Take the material below and output exactly the run of lines from the one containing "Say It With" down to the one containing "Framed Wall Art''", with both included.

EXTRACTED INFORMATION START

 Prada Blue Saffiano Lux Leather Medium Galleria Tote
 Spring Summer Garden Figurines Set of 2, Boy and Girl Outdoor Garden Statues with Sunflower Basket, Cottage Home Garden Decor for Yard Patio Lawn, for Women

EXTRACTED INFORMATION END
EXTRACTED INFORMATION START

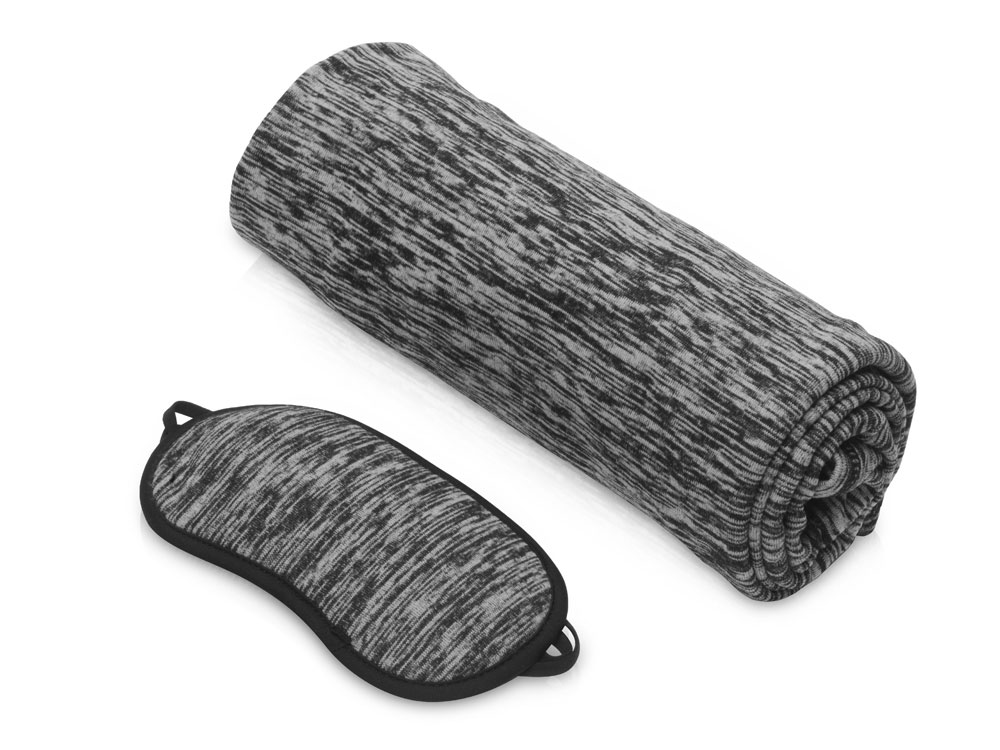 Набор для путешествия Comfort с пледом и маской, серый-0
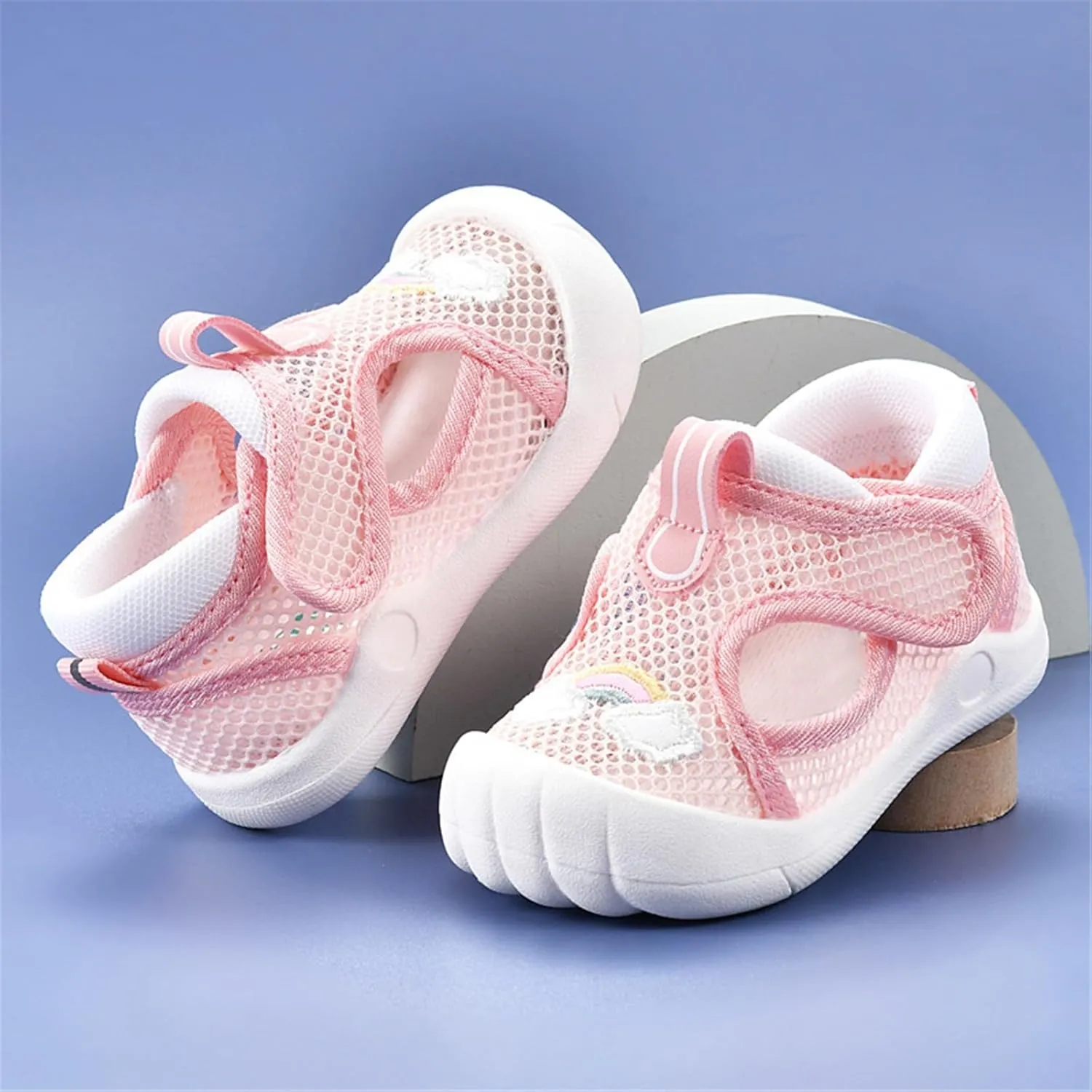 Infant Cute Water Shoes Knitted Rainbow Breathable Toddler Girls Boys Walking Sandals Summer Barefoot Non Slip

EXTRACTED INFORMATION END
EXTRACTED INFORMATION START

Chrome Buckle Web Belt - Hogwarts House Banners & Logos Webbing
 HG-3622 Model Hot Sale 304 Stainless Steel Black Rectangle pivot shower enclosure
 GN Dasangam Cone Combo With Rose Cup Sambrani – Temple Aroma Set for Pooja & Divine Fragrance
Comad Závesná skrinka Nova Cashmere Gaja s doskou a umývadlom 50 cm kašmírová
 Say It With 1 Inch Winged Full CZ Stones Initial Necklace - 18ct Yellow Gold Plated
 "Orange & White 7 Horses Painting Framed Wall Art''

EXTRACTED INFORMATION END

RESPONSE TO THE EXERCISE =
 Say It With 1 Inch Winged Full CZ Stones Initial Necklace - 18ct Yellow Gold Plated
 "Orange & White 7 Horses Painting Framed Wall Art''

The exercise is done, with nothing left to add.